### Exercise details
Repeat the records below exactly, from the first line through the line containing "韓系高級感圓領無袖蝴蝶結立體花朵連身裙", and leave out any pictures.

### Dataset extract
• • •

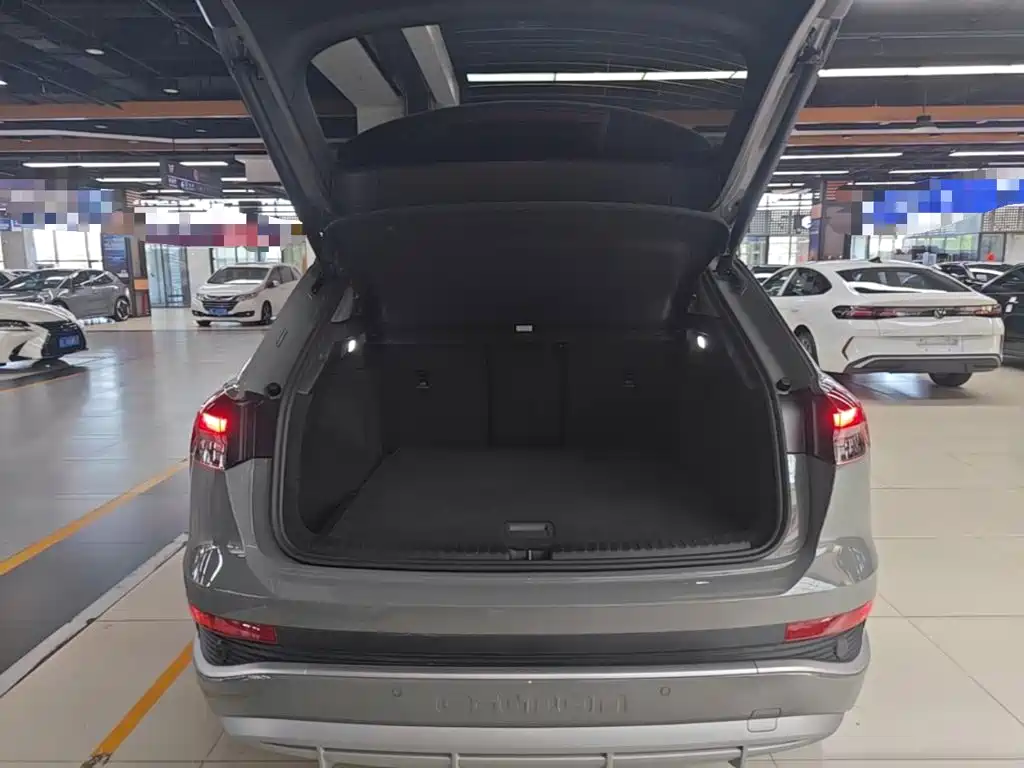 Audi Q4 e-tron — миниатюра 19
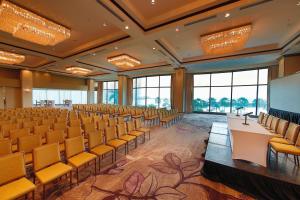 Área de negócios e/ou sala de conferências em Intercontinental Miramar Panama by IHG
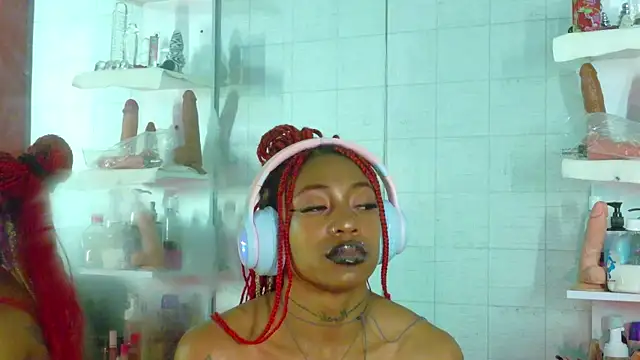 Chat +18 de DaniaMarcell ao vivo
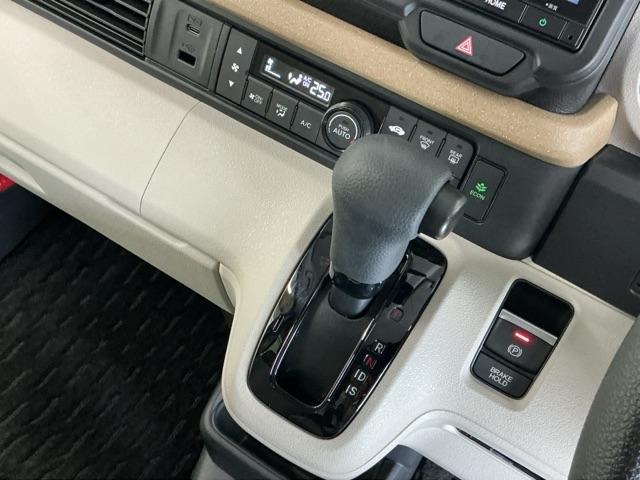 Ｎ－ＢＯＸ ベースグレード　ドラレコ　ナビ　Ｒカメラ　ブルートゥース　衝突軽減システム　スマートキ－　カーテンエアバック　イモビライザー　ＥＣＯモード　横滑り防止　オートクルーズ　ＬＥＤヘッドライト　キーフリー　地デジ　ＡＢＳ（19枚目）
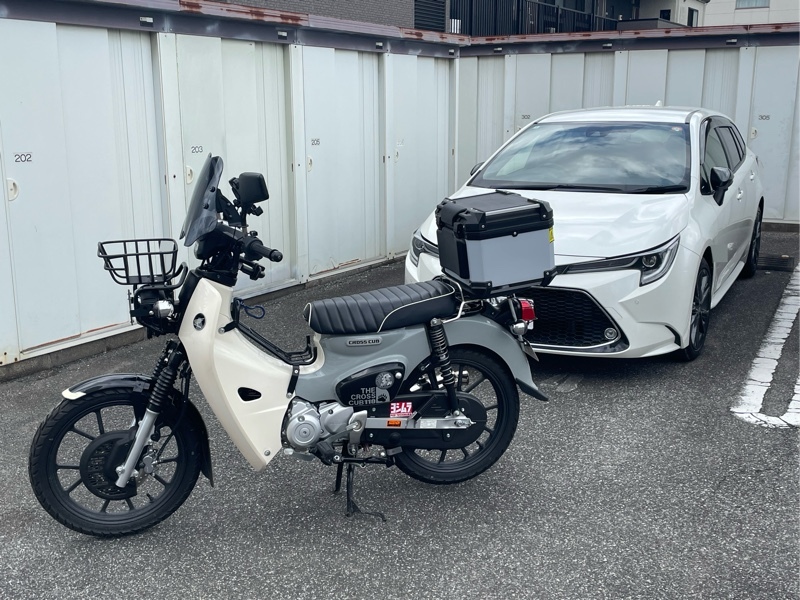 トヨタ カローラツーリング W×B(CVT_1.8)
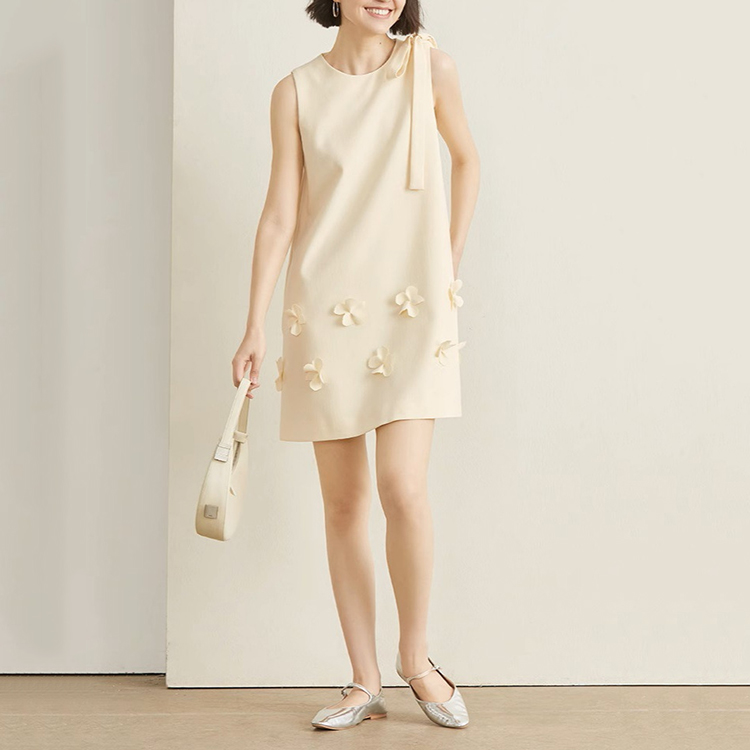 韓系高級感圓領無袖蝴蝶結立體花朵連身裙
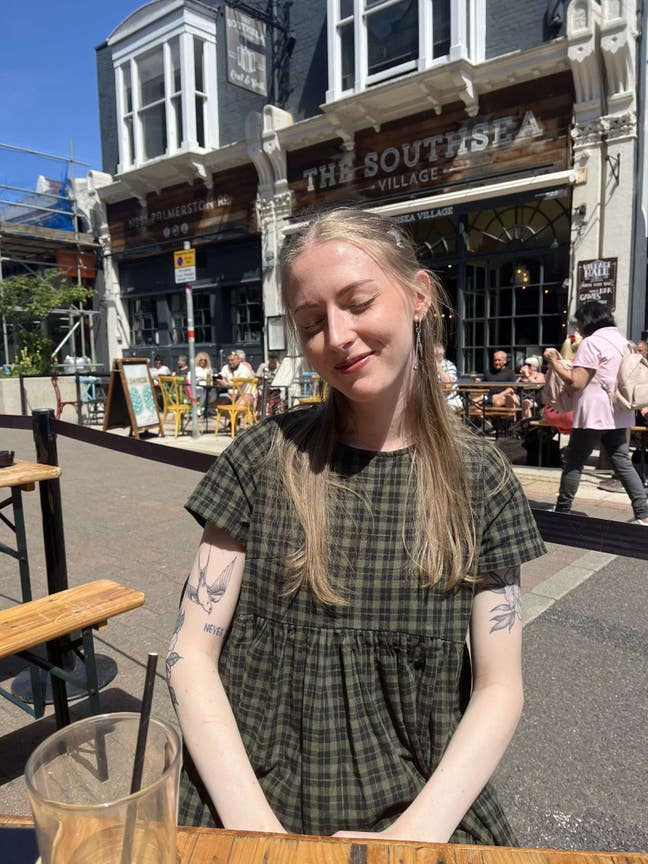 Looking for double room or buddy up! Main Photo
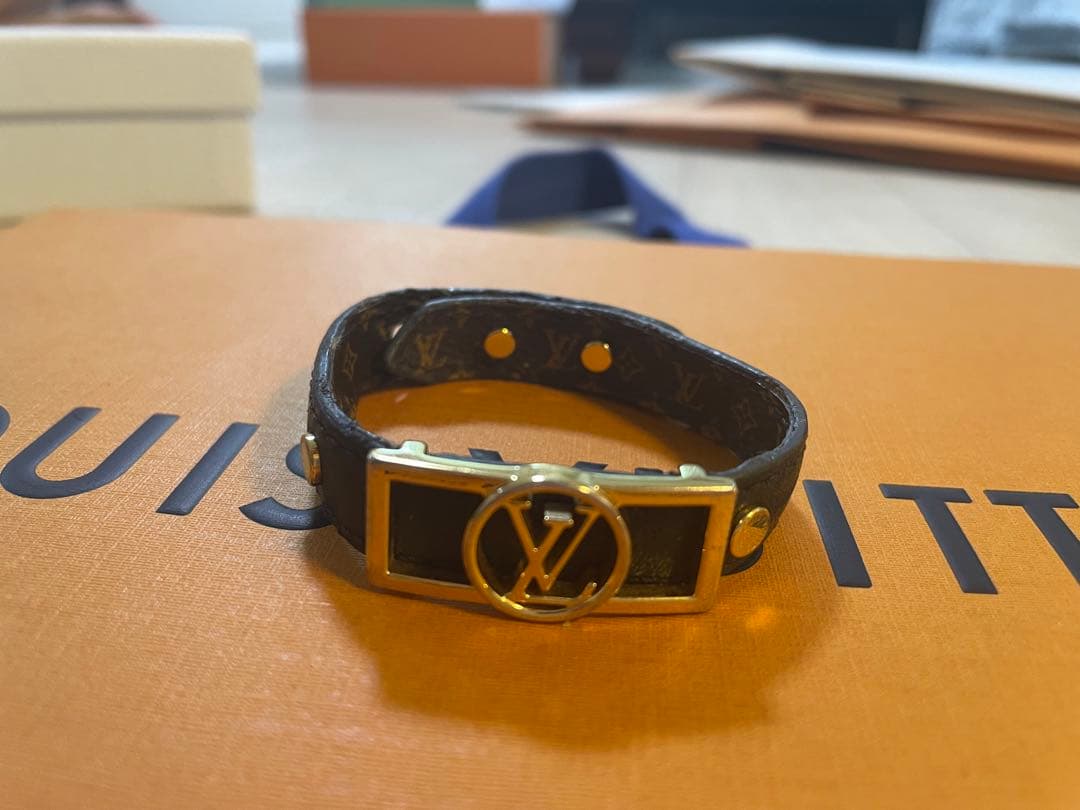 LOUIS VUITTON ルイヴィトン ブレスレット ドーフィーヌさひと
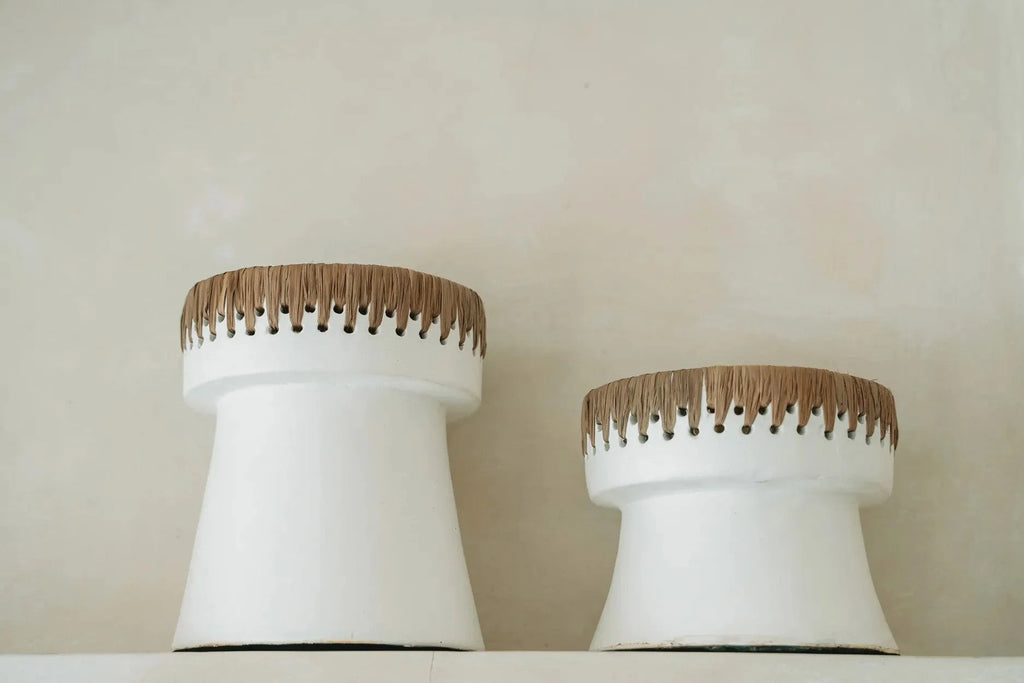 Deux porte-bougies en terre cuite blanche finition raphia naturel H16 cm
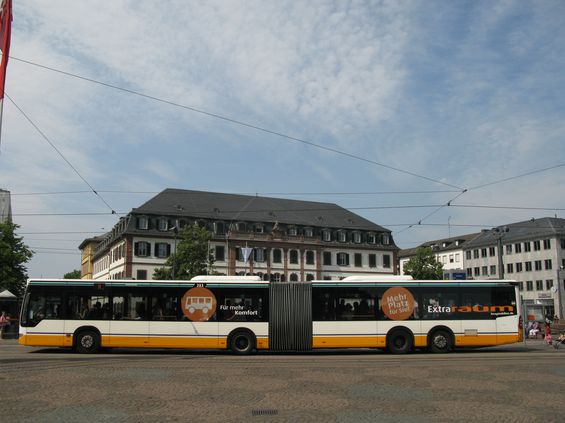 Více prostoru u ètyønápravových Mercedesù inzeruje mìstský dopravce výraznì i na samotných autobusech. Hlavní autobusové linky mají interval 15 minut.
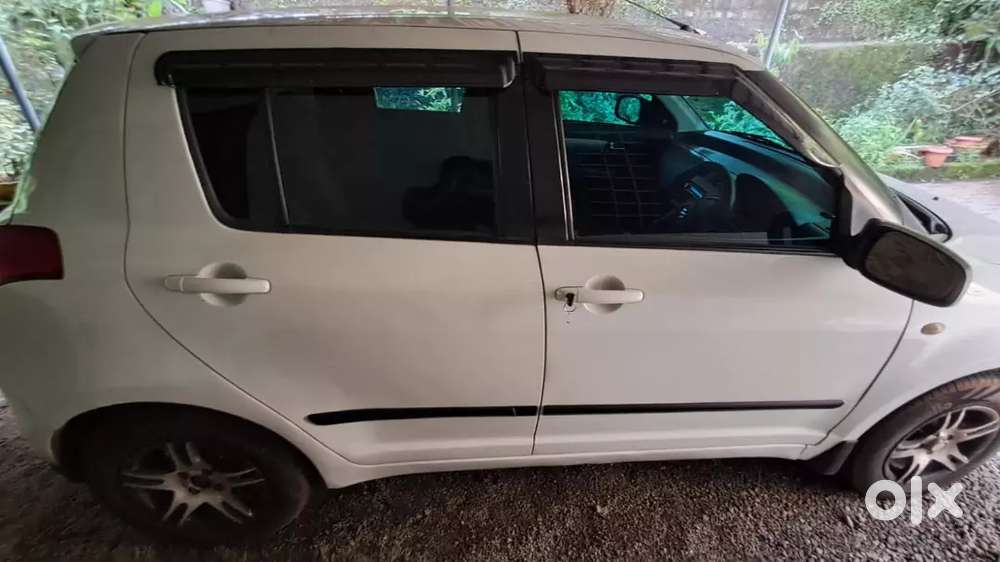 Maruti Suzuki Swift 2009 Year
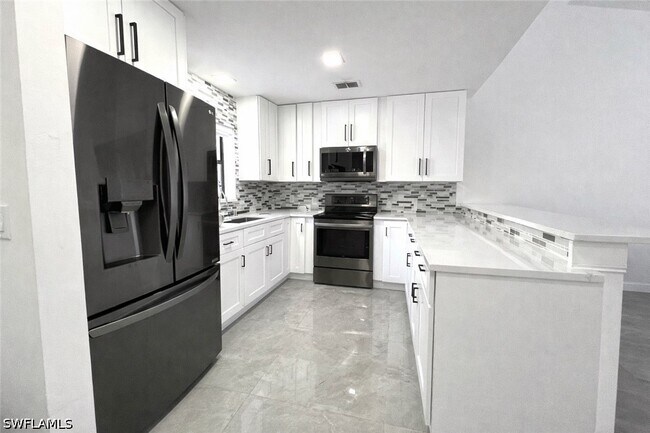 Photo - 3767 Golden Gate Blvd E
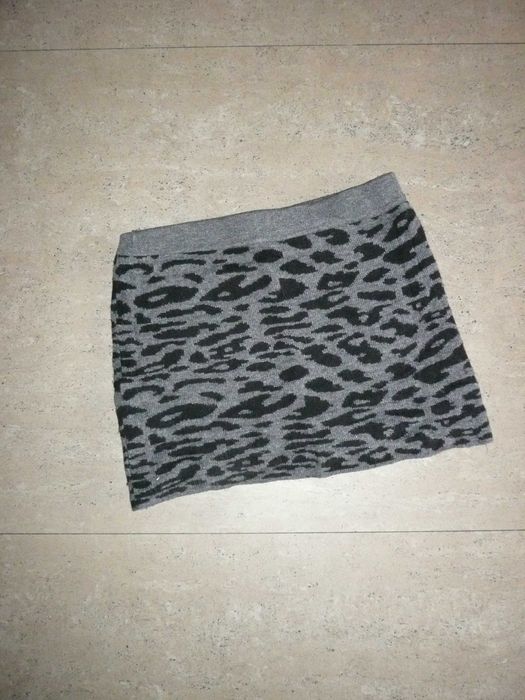Nowa spódniczka mini z dzianiny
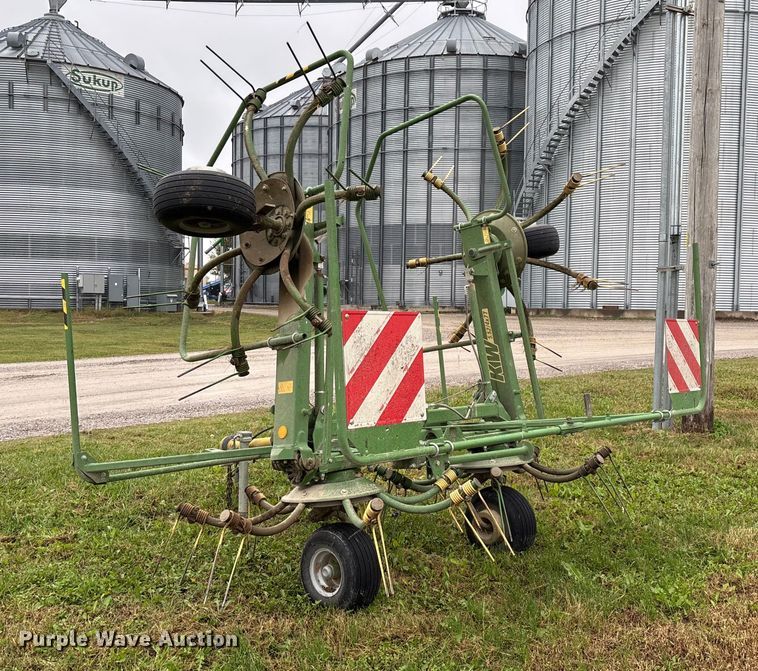 image for item EN5753 Krone KW5.52/4x7T hay tedder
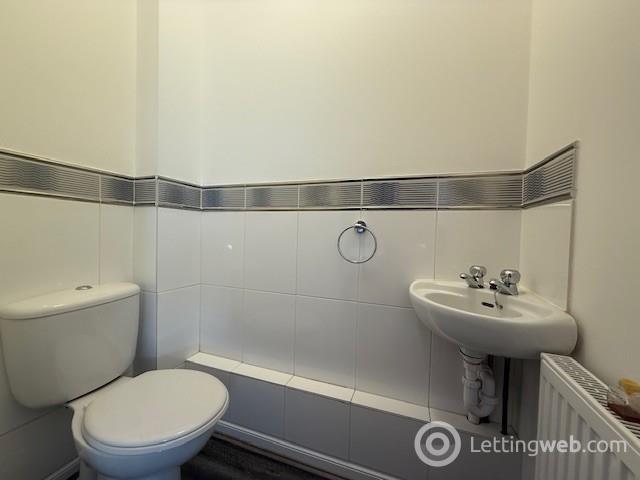 Property to rent in 1A Westgrove Avenue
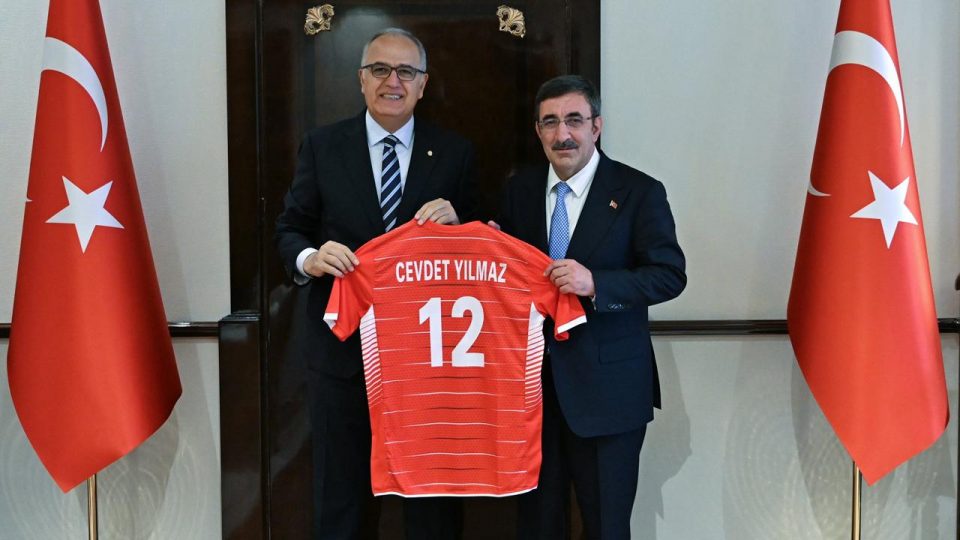 Cumhurbaşkanı Yardımcısı Cevdet Yılmaz TVF Başkanı Üstündağ’ı kabul etti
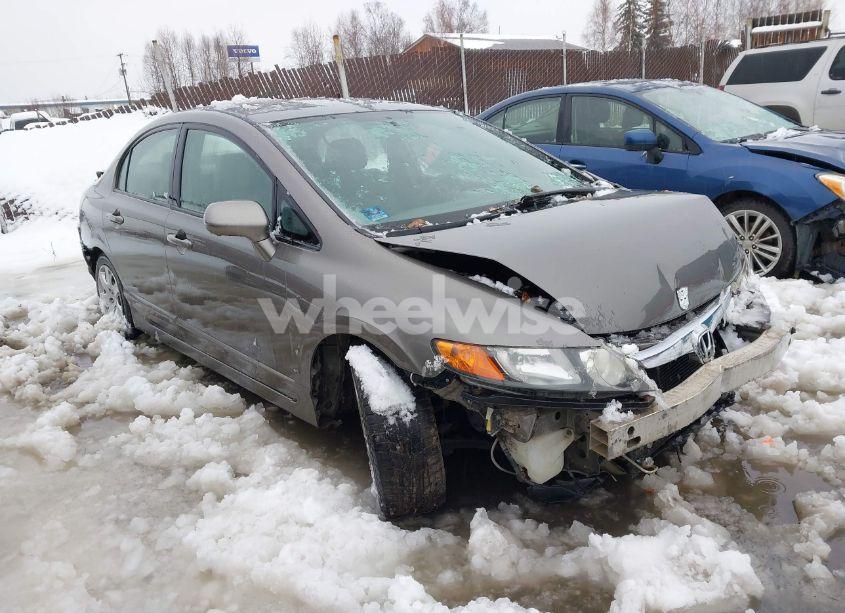 2007 Honda Civic LX (VIN 1HGFA16557L025986) main photo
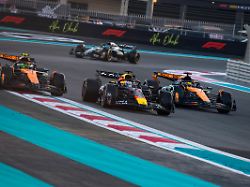 Liveticker zum Formel-1-Showdown: Norris fällt durch Boxenstopp zurück - Verstappen übernimmt WM-Führung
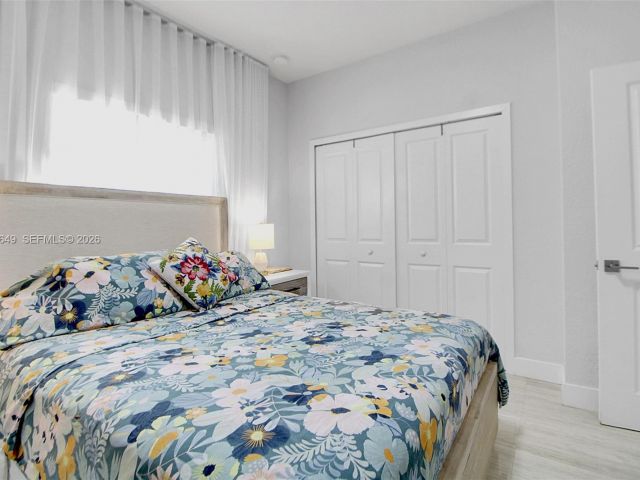 Продажа дома по адресу 14671 SW 20th St - фото 7439531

• • •

### Solution to the problem
 Audi Q4 e-tron — миниатюра 19
 Área de negócios e/ou sala de conferências em Intercontinental Miramar Panama by IHG
 Chat +18 de DaniaMarcell ao vivo
 Ｎ－ＢＯＸ ベースグレード　ドラレコ　ナビ　Ｒカメラ　ブルートゥース　衝突軽減システム　スマートキ－　カーテンエアバック　イモビライザー　ＥＣＯモード　横滑り防止　オートクルーズ　ＬＥＤヘッドライト　キーフリー　地デジ　ＡＢＳ（19枚目）
 トヨタ カローラツーリング W×B(CVT_1.8)
 韓系高級感圓領無袖蝴蝶結立體花朵連身裙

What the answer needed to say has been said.